I am having trouble with Exercise 11, Section 1.10 of Basic Algebra 1 by Nathan Jacobson (pub. Freeman & Co. 1985). The statement to prove is:
Let $G$ be a finite group and $\phi$ an automorphism of $G$. Let
$ I = \{ g \in G : \phi g = g^{-1} \} $
If $|I| > {3\over4} |G|$ , $G$ is abelian.
If $|I| = {3\over4} |G|$ , $G$ has an abelian subgroup of index 2.
I'm trying to attack item 2 first, thinking there will be a way from 2 to 1, but I am not even at a point where that matters.
Facts I can see:
$\phi^2 = id_G$ , because the set of elements fixed by $\phi^2$ is a subgroup containing $I$.

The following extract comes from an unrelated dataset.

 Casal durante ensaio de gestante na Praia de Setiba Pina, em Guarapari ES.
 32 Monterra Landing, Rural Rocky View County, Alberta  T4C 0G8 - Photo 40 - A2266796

Since $|G|$ is even (working on item 2!) , so must be the order of $K$ where
$ K = \{ k \in G : \phi k = k \} $
because we can partition $G$ into classes $\pi_k = \{ k, \phi k \}$ of size either 2 or 1, and $K$ is the union of all the singleton classes.
Hence, $K$ contains an element $i$ of order 2, so $ \phi i = \phi i^{-1} = i^{-1} $ , i.e.
$ 1 \neq i \in K \cap I $
That's already some nice information, but I still have no clue where to look for the abelian subgroup :-(